_WHAT IS NEEDED_
Keeping every line intact, repeat the data word for word.

(Records drawn from a dataset)
########
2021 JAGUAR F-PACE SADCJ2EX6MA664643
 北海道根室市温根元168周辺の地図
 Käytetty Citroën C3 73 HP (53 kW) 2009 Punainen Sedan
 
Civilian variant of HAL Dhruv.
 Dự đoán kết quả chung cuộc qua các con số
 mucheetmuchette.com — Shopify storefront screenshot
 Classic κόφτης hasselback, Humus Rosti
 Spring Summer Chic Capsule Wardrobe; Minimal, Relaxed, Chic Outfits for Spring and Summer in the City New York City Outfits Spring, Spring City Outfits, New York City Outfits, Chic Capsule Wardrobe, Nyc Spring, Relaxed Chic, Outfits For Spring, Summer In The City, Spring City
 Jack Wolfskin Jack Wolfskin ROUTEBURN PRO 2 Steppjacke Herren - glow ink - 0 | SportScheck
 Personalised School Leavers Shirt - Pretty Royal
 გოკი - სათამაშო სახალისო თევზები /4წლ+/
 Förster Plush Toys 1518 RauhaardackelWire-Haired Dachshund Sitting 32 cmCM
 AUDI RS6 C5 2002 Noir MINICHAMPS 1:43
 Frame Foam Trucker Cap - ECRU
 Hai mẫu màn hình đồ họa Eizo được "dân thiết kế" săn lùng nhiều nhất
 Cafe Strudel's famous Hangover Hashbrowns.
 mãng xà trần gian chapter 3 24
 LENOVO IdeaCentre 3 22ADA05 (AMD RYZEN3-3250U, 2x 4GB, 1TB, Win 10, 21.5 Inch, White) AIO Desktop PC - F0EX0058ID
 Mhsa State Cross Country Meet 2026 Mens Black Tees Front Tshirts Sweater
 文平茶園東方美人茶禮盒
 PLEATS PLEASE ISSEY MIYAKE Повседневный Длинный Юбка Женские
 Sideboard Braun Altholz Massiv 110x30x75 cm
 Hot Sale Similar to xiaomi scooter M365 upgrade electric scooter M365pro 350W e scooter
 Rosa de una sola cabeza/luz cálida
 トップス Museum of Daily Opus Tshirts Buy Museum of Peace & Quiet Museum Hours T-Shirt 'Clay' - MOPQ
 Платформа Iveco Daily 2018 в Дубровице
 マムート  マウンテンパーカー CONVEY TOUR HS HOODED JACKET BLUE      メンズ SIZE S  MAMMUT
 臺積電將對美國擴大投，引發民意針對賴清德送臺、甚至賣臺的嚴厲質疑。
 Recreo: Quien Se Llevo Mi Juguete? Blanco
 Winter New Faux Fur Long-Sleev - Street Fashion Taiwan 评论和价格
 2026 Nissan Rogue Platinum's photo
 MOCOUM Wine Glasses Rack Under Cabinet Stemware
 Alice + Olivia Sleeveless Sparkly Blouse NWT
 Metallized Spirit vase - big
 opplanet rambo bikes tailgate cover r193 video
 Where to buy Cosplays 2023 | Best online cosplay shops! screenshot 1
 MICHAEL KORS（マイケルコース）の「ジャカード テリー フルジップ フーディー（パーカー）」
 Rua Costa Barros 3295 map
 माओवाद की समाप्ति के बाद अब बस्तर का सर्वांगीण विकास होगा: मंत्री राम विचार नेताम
########
_RESULT_
2021 JAGUAR F-PACE SADCJ2EX6MA664643
 北海道根室市温根元168周辺の地図
 Käytetty Citroën C3 73 HP (53 kW) 2009 Punainen Sedan
 
Civilian variant of HAL Dhruv.
 Dự đoán kết quả chung cuộc qua các con số
 mucheetmuchette.com — Shopify storefront screenshot
 Classic κόφτης hasselback, Humus Rosti
 Spring Summer Chic Capsule Wardrobe; Minimal, Relaxed, Chic Outfits for Spring and Summer in the City New York City Outfits Spring, Spring City Outfits, New York City Outfits, Chic Capsule Wardrobe, Nyc Spring, Relaxed Chic, Outfits For Spring, Summer In The City, Spring City
 Jack Wolfskin Jack Wolfskin ROUTEBURN PRO 2 Steppjacke Herren - glow ink - 0 | SportScheck
 Personalised School Leavers Shirt - Pretty Royal
 გოკი - სათამაშო სახალისო თევზები /4წლ+/
 Förster Plush Toys 1518 RauhaardackelWire-Haired Dachshund Sitting 32 cmCM
 AUDI RS6 C5 2002 Noir MINICHAMPS 1:43
 Frame Foam Trucker Cap - ECRU
 Hai mẫu màn hình đồ họa Eizo được "dân thiết kế" săn lùng nhiều nhất
 Cafe Strudel's famous Hangover Hashbrowns.
 mãng xà trần gian chapter 3 24
 LENOVO IdeaCentre 3 22ADA05 (AMD RYZEN3-3250U, 2x 4GB, 1TB, Win 10, 21.5 Inch, White) AIO Desktop PC - F0EX0058ID
 Mhsa State Cross Country Meet 2026 Mens Black Tees Front Tshirts Sweater
 文平茶園東方美人茶禮盒
 PLEATS PLEASE ISSEY MIYAKE Повседневный Длинный Юбка Женские
 Sideboard Braun Altholz Massiv 110x30x75 cm
 Hot Sale Similar to xiaomi scooter M365 upgrade electric scooter M365pro 350W e scooter
 Rosa de una sola cabeza/luz cálida
 トップス Museum of Daily Opus Tshirts Buy Museum of Peace & Quiet Museum Hours T-Shirt 'Clay' - MOPQ
 Платформа Iveco Daily 2018 в Дубровице
 マムート  マウンテンパーカー CONVEY TOUR HS HOODED JACKET BLUE      メンズ SIZE S  MAMMUT
 臺積電將對美國擴大投，引發民意針對賴清德送臺、甚至賣臺的嚴厲質疑。
 Recreo: Quien Se Llevo Mi Juguete? Blanco
 Winter New Faux Fur Long-Sleev - Street Fashion Taiwan 评论和价格
 2026 Nissan Rogue Platinum's photo
 MOCOUM Wine Glasses Rack Under Cabinet Stemware
 Alice + Olivia Sleeveless Sparkly Blouse NWT
 Metallized Spirit vase - big
 opplanet rambo bikes tailgate cover r193 video
 Where to buy Cosplays 2023 | Best online cosplay shops! screenshot 1
 MICHAEL KORS（マイケルコース）の「ジャカード テリー フルジップ フーディー（パーカー）」
 Rua Costa Barros 3295 map
 माओवाद की समाप्ति के बाद अब बस्तर का सर्वांगीण विकास होगा: मंत्री राम विचार नेताम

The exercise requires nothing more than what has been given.